Notebooks are primarily useful for data scientists as they need an interface for documenting (and sharing the documentation about) their explorative first interactions with a data-set that will be modelled using machine learning. The most common (and — in the winner-takes-all world of software development where the critical mass of community size tends to select for a single ultimate dominant tooling — the one that will most likely grind the others into the dust) is Jupyter (it’s also the one discussed in articles by Netflix, NetSecurity, and Nature, at the links above).

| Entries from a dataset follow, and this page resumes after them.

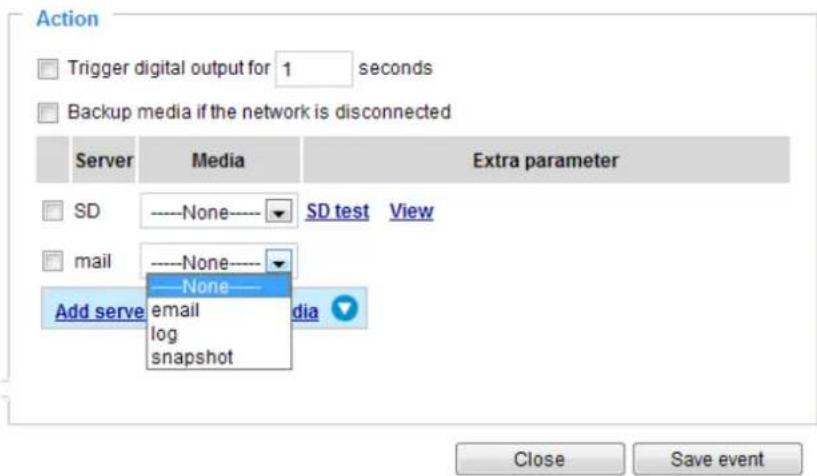 Action Trigger digital output for 1 seconds Backup media if the network is disconnected Server Media Extra parameter SD ----None ---- SD test View mail ----None ---- Add serve email log snapshot Close Save event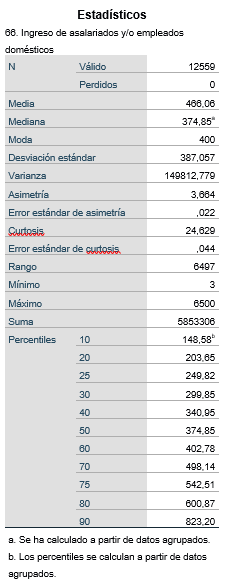 SPSS - Estadísticos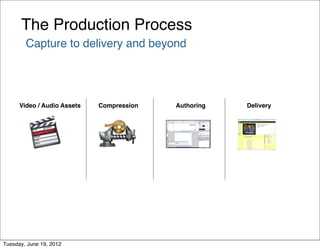 The Production Process
        Capture to delivery and beyond




      Video / Audio Assets   Compression   Authoring   Delivery




Tuesday, June 19, 2012
 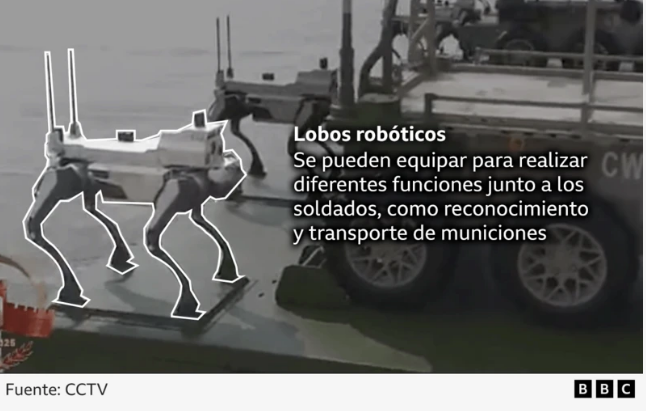 Lo que las nuevas armas que se mostraron en el enorme desfile de Pekín revelan sobre las capacidades militares de China 4 Lobos robots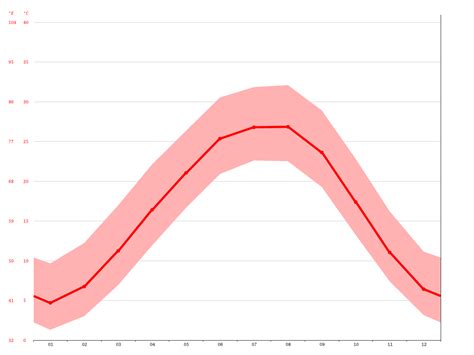 Savannah climate: Average Temperature, weather by month, Savannah weather averages - Climate ...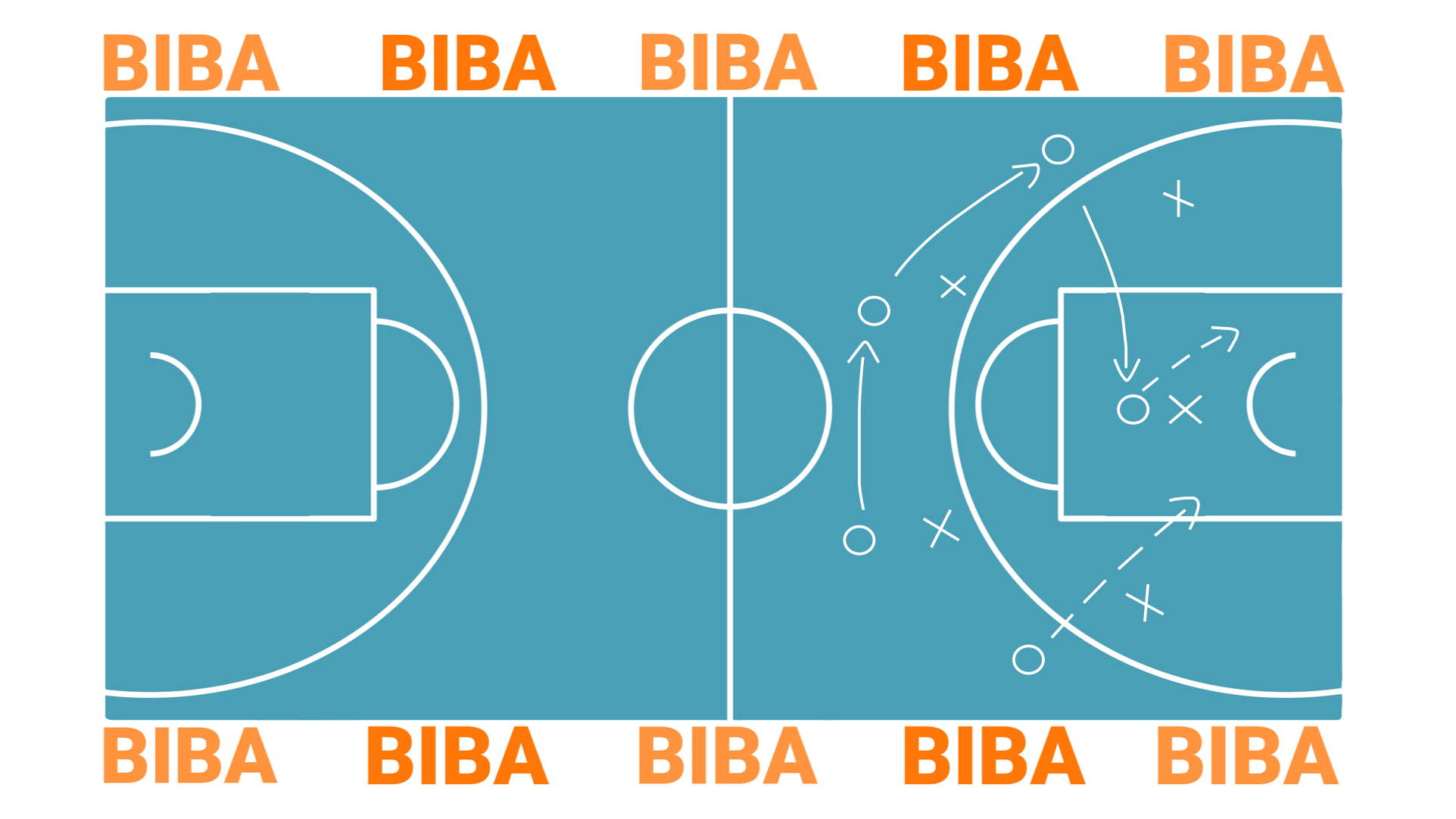 BIBA court design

I’ve presented on Jupyter many times and still use it day-to-day as a handy place to quickly spin up a Python server that will accept commands as basic as
for i in range(3): for j in range(3): print((i,j))
… for instance when I need to double-check some syntax or perhaps send a test HTTP request to some API with which I’m familiarising myself.
In terms of productionisable use cases though, that are deployed and meaningful for a data science team, the most important is surely teaching; Jupyter notebooks that can be run according to the following principles, are a great shareable resource that offer a straightforward, interactive way, to supply a learning shortcut to your data scientists being onboarded into an immersed familiarity with some data-set and/or ML algorithm that models it:
- run them in the cloud eg on SageMaker or Azure Notebooks or AIPN
- This enables serverless, clustering, horizontal & vertical scaling.
- It is also vastly more configurable WRT security, than running on your own laptop or hardware locally (eg specify VPCs and SGs).
- manage their dependencies effectively
- This means upgrading wherever possible e.g. to guard against vulnerabilities that may creep into the open source components such as Python, Sci-Kit Learn, or nbextensions.
- It also means having a clear plan as to which packages/libraries won’t be upgraded because you want the specific functionality or syntax of some legacy version eg when patching is preferred.